Title of the session: “Silicon-Proven Multiprocessor SoC Design Strategies”
Organizer: Gerhard Fettweis, TU Dresden, Germany
List of Special Session presentations:
1. Challenges and Solutions for Future-Proof Embedded Vision and AI
Processors, Yankin Tanurhan,Tom Michiels, Eino Jacobs, Joep Boonstra,
Chuck Pilkington, Pierre Pauli, Synopsys, USA
The field of embedded vision continues to grow in importance across a wide range of
surveillance, mobile, consumer, automotive, industrial and IoT applications. In addition,
the fusion of vision and other sensors – e.g. audio, radar and lidar – has demanded more
compute power and more general-purpose parallel processing. This has driven the
continued development of parallel vector-oriented DSPs to address classical vision
algorithms and new fusion applications. In addition, in the last decade, deep-learning
based solutions for embedded vision have emerged as a key application of the growing
class of artificial intelligence-based solutions. Convolutional Neural Networks (CNN)
and Recurrent Neural Networks (RNN) have been key classes of deep-learning solution
in the field of embedded vision.
Embedding large-scale deep learning vision applications at the edge remains
challenging today, especially in automotive applications where the computing
requirements for ADAS and autonomous driving can range between 10 and 100 TOPs,
with power targets below 10W. These computational loads imply significant memory
and data bandwidth requirements for these applications with high-dimensional input
data and the large algorithmic diversity of modern vision tasks.
We will introduce a standards-based programming model for the EV6 vision CPU. The
Khronos OpenVX standard is used as the top-level programming model for high-level
dataflow and task-level parallelism. Our OpenVX runtime allows for the optimized
mapping of OpenVX kernels to parallel processing resources, while automatically
generating optimized data communication and synchronization. The kernels of the
OpenVX graph are expressed using the OpenCL C kernel language. The EV6 cores
were specifically designed to ensure efficient support of the OpenCL C kernel language.
As a result, our OpenCL C compiler supports the automatic vectorization of these
kernels, fully exploiting small-grain data-level parallelism.

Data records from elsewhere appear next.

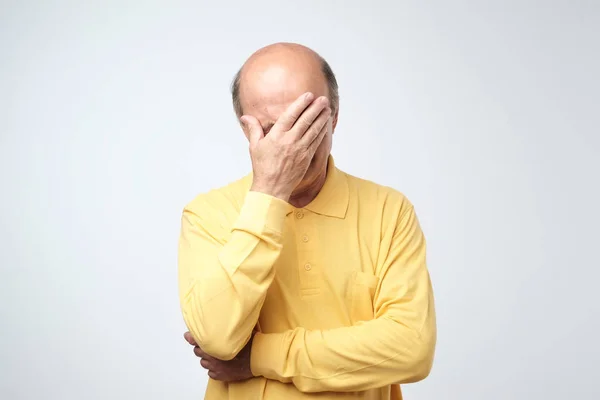 Närbild Stressad Äldste Man Stänga Sitt Ansikte Med Händerna Han — Stockfoto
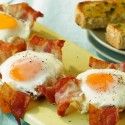 Яєчня з духовки з беконом  рецепти Юрка Підсадного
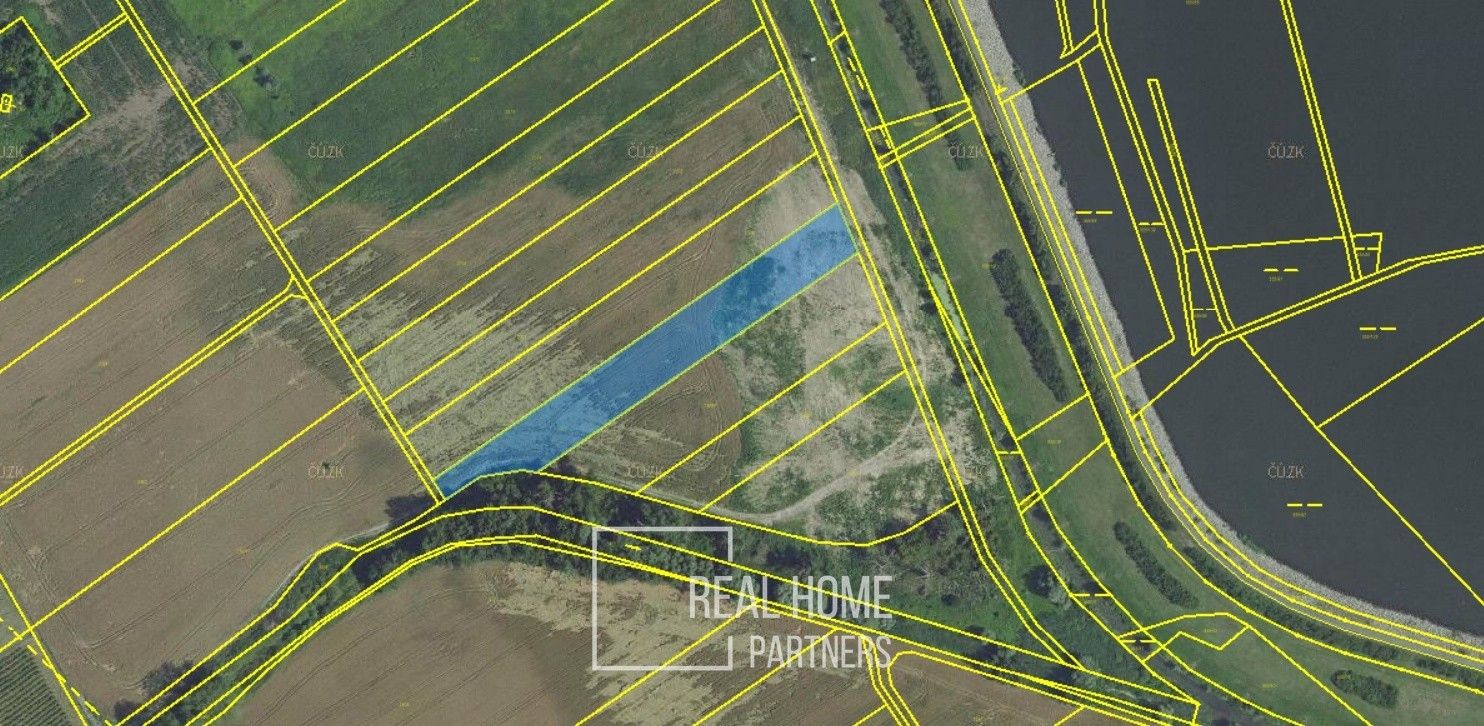 Zemědělské pozemky, Milovice, 4 172 m²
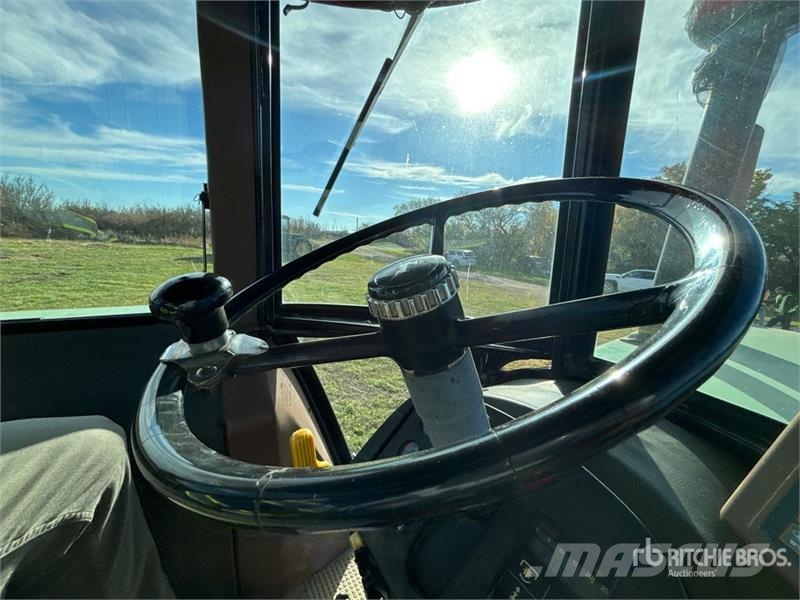 John Deere 4650 2WD Tractor الجرارات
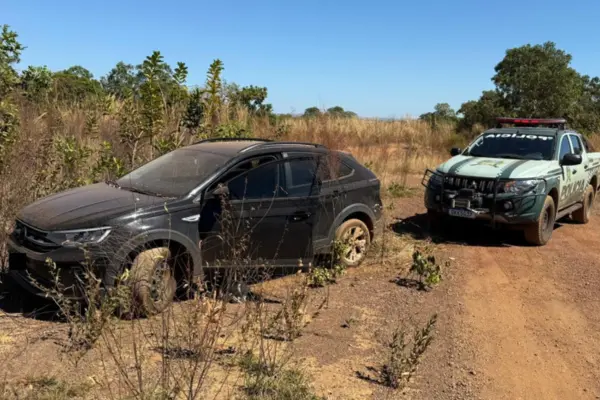 O veículo possui registro de furto/roubo. - Foto: Ascom BPMA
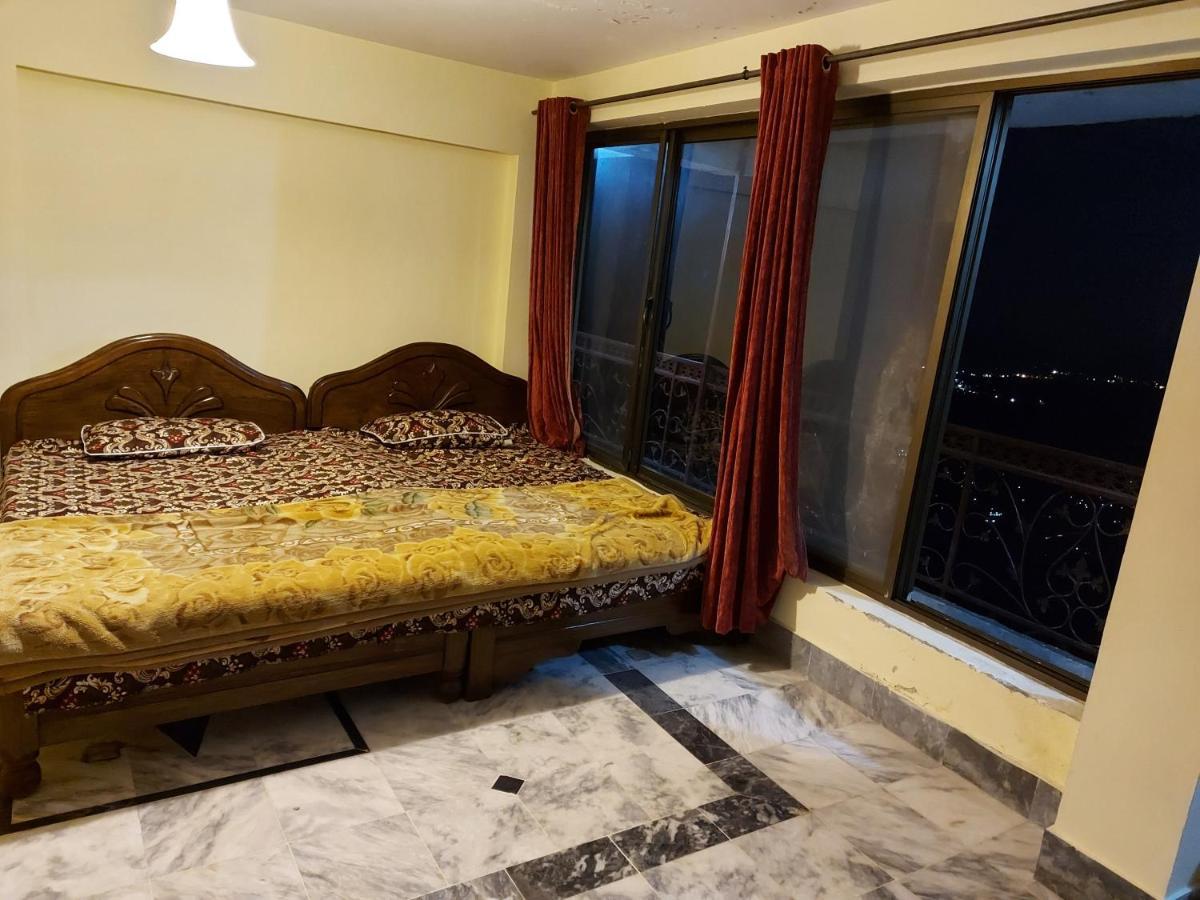 Отель Shahrukh Heights Муррее Экстерьер фото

Machine-learning based Deep Neural Networks (DNN) have emerged as a key
complementary new class of technology alongside of classical vision DSPs. While most
of the early applications of DNN have been on general purpose GPUs or straightforward
extensions of existing vector processors, there has been increased interest in more
specialized DNN engines in order to provide high-performance with low power, low
area and low bandwidth. In addition, due to the rapid rate of innovation in deep
learning, this solution must also remain flexible and future-proof.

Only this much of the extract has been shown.